Nova Scotia

Historic black community of Lucasville may finally settle boundary dispute

Halifax regional council will vote Tuesday on a city staff recommendation to change the borders of Lucasville to its historical boundaries.

'It means we're on the map … it means finally we're going to be recognized,' says resident

Iris Drummond chairs the Lucasville Community Association. (Contributed by Iris Drummond)

The people of Lucasville, N.S., have been fighting for years to have their community's historical boundaries recognized.

On Tuesday, they may finally get their wish, as Halifax regional council votes on a staff recommendation to change the area's official boundaries.

When the Halifax region amalgamated in 1996, the boundaries drawn around Lucasville were created without consultation with the historic African-Nova Scotian community. 

Some in the community argued the 1996 map did not go far enough up Lucasville Road and misrepresented parts of Lucasville as belonging to Hammonds Plains. 

A city staff proposal would fix the mistake, recognizing historical records and maps dating back to the early 1800s, when Black Refugees from the United States first settled the area after the War of 1812.

"They took this rocky, swampy piece of land — is all they gave you back then — and they worked it and made it into the beautiful community that it is today," said Iris Drummond, president of the Lucasville Community Association. 

The proposed new boundary of Lucasville (red and blue) would nearly double the amount of land in the current boundary (in blue). (Halifax Regional Council)

Drummond has lived in the community for 40 years.

"If council agrees to the staff report and its recommendations, I find it very positive.
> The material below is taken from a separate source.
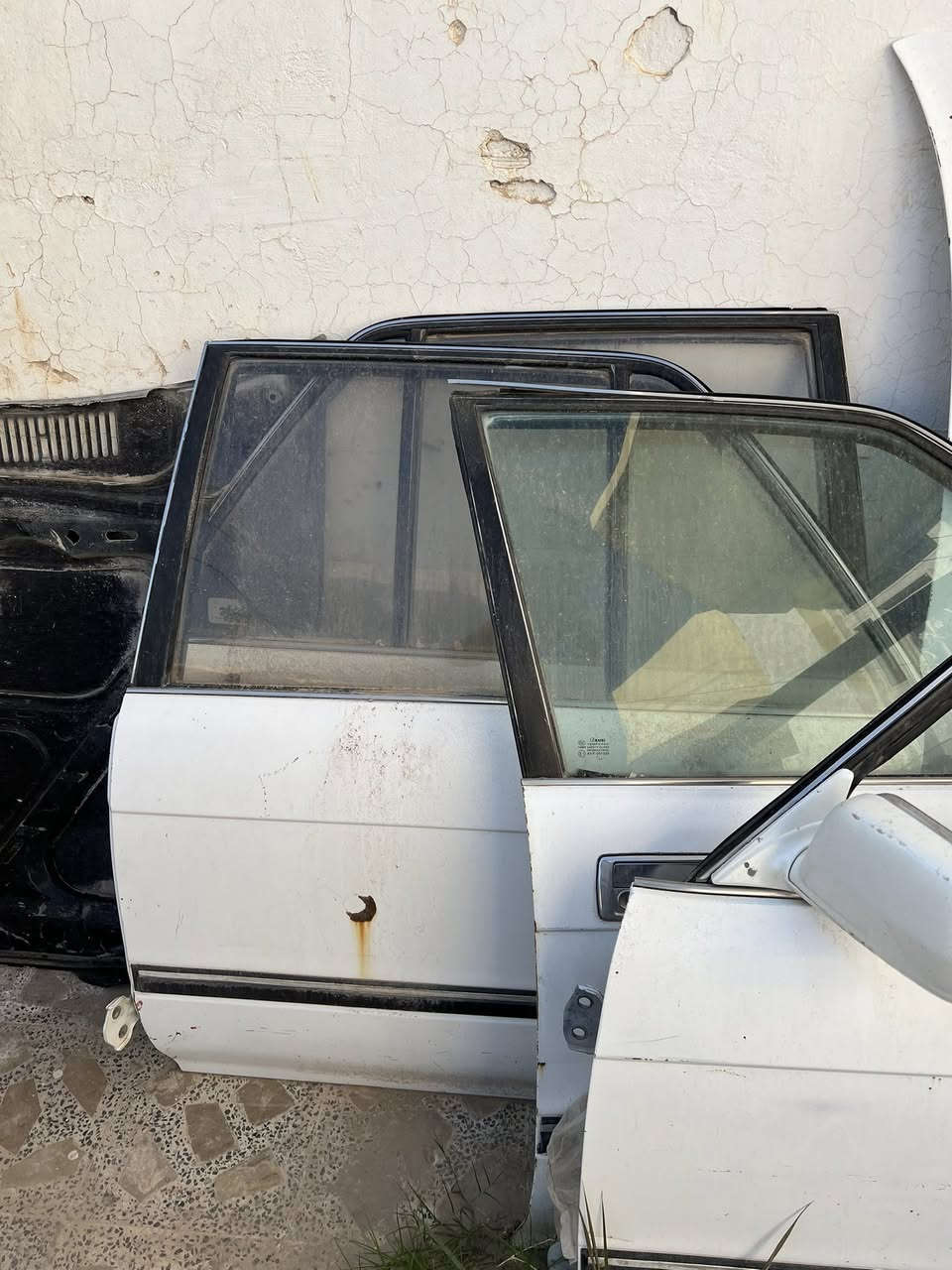 سلام عليكم عندي بوب 4جاملغات 2بنيد قبق صندوق سعر البنيد100. سعر الجاملغات 120 يعني الواحد ب60 البوب كاملات هنه ول جام أو مكاين جام أو قفاله كاملات لأخر حبايه سعر الباب الواحد ب 50 ***********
It will go a long way in showing that the city takes us seriously, the history and culture of our community," said Drummond. 
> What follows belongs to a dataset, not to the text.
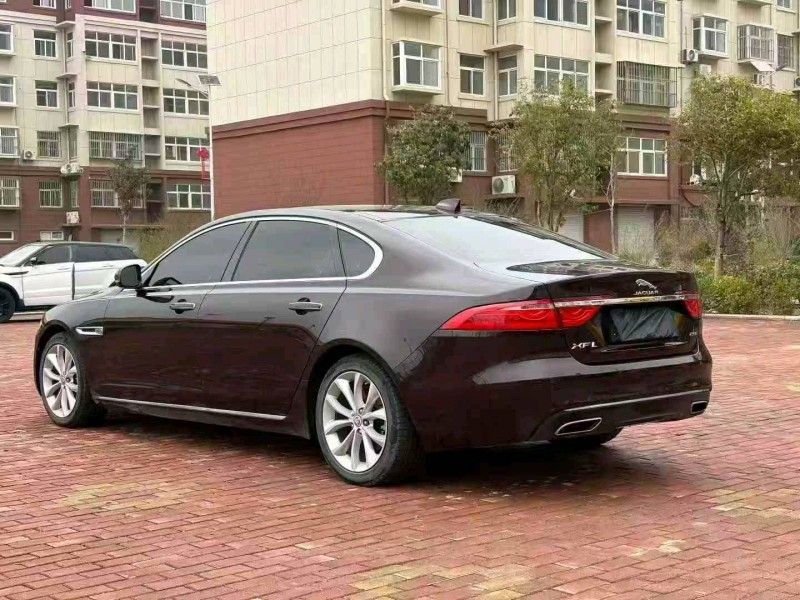 济宁19年捷豹XF8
Debra Lucas's great-great-great grandfather was James Lucas, one of the original settlers of Lucasville. 

"It means we're on the map," said Lucas, the secretary of the Lucasville Community Association. "It means finally we're going to be recognized. Our community is going to be recognized.
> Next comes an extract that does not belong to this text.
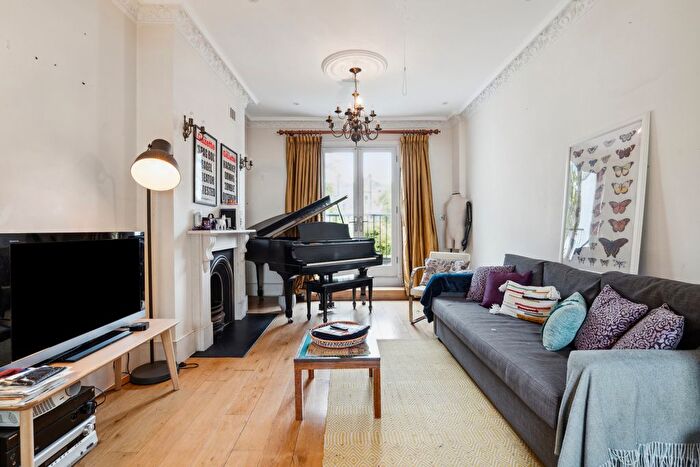 4 Bedroom Terraced House To Rent In Elizabeth Avenue, Islington, N1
"One can hope that it's going to happen, that we can get our boundaries and our signage up in the community so people that drive through will know it's an African heritage descent community."

'Long overdue'

Coun. Lisa Blackburn represents the district of Middle/Upper Sackville-Beaver Bank-Lucasville. 

"Long overdue. Glad to see this finally coming to the table, even gladder to see that staff is recommending the traditional historical boundaries of Lucasville," she said.

According to the report, the proposed boundary would mean about 500 homes would need to change their address from the community of Hammonds Plains to Lucasville. Those affected will receive a letter informing them of the change. 

"I completely understand if they're feeling inconvenienced and feeling put out by this recommendation. But at the same time, I think it's extremely important that we recognize the historical boundaries of this community," said Blackburn. 

The boundary recognition is not the only good news the community of Lucasville got this week. Drummond and Lucas said they've heard a long-awaited road-widening project along Lucasville Road has been approved and that means there will be a bike lane corridor from Hammonds Plains to Middle Sackville. 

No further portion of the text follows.